Problem requirements:
What you write should be an exact repeat of the lines from the one with "イヤリング・ピアス｜小粒パールと雫｜黄色 | POOPOOPAPER accessory" through the final line below, minus the pictures.

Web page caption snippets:
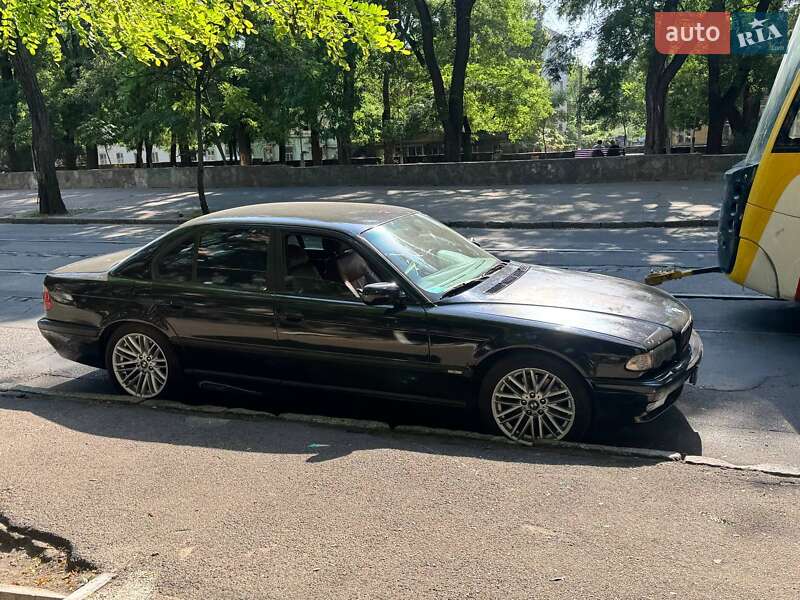 BMW 7 Series 2001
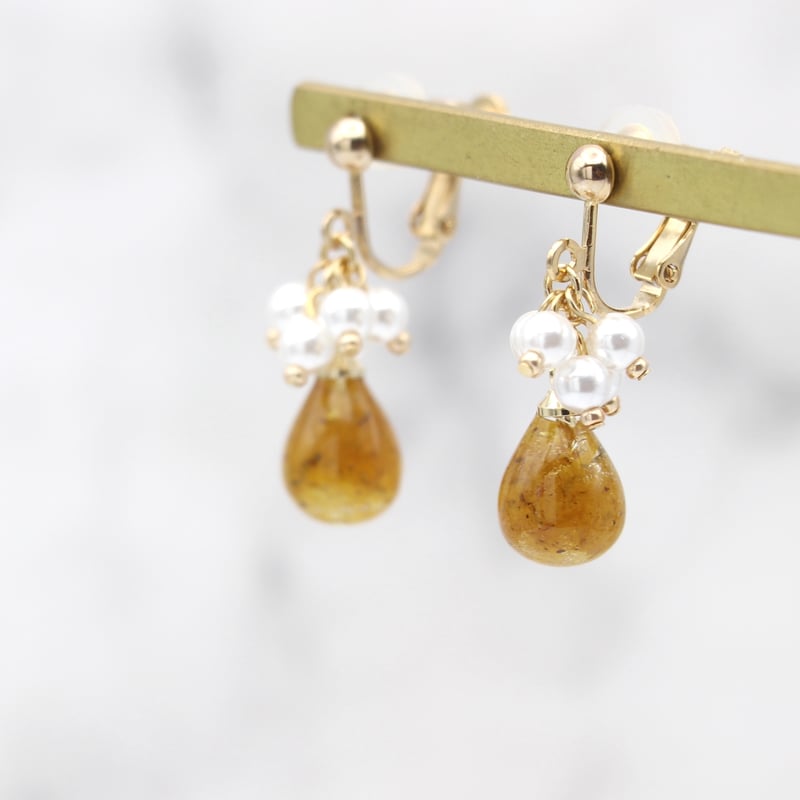 イヤリング・ピアス｜小粒パールと雫｜黄色 | POOPOOPAPER accessory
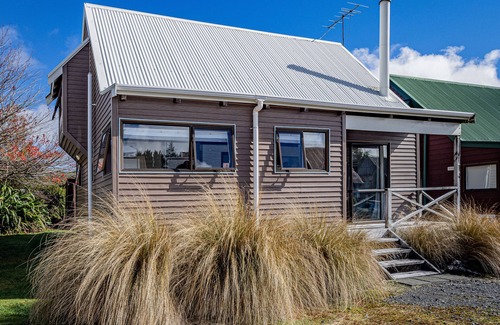 National Park Village House | Alpine Delight - National Park Holiday Home
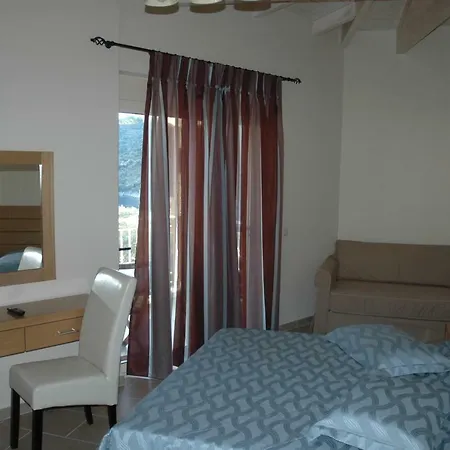 Rouda Village Apartmanhotel 4*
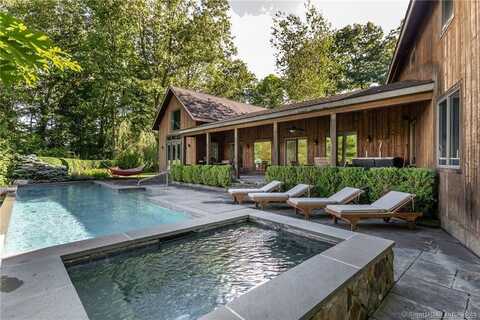 8 River Bend Lane, Sherman, CT 06784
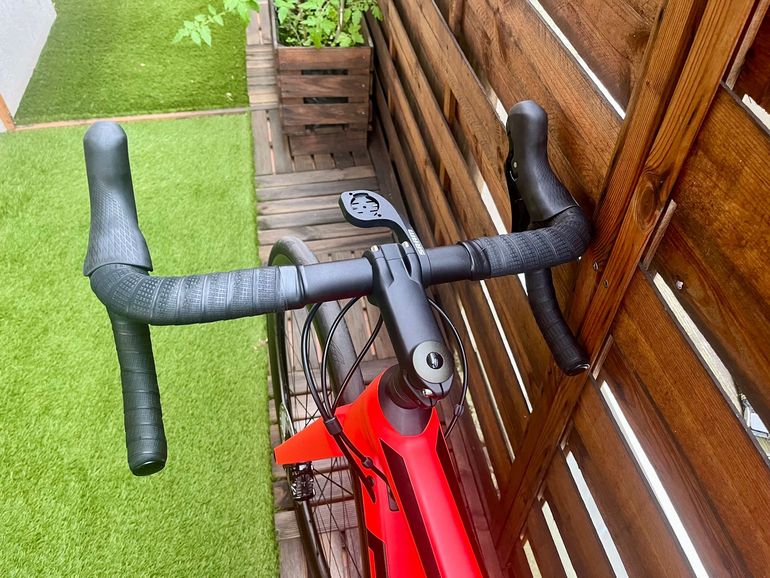 Used BMC Teammachine SLR SIX 2023 2023 Road & Gravel, Red — image 6 of 11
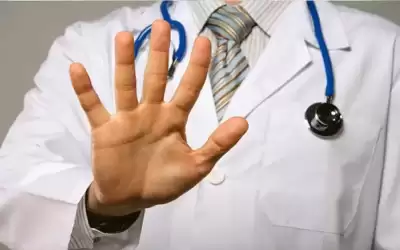 كسر يد طبيب باعتداء في مستشفى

Response for this exercise:
 イヤリング・ピアス｜小粒パールと雫｜黄色 | POOPOOPAPER accessory
 National Park Village House | Alpine Delight - National Park Holiday Home
 Rouda Village Apartmanhotel 4*
 8 River Bend Lane, Sherman, CT 06784
 Used BMC Teammachine SLR SIX 2023 2023 Road & Gravel, Red — image 6 of 11
 كسر يد طبيب باعتداء في مستشفى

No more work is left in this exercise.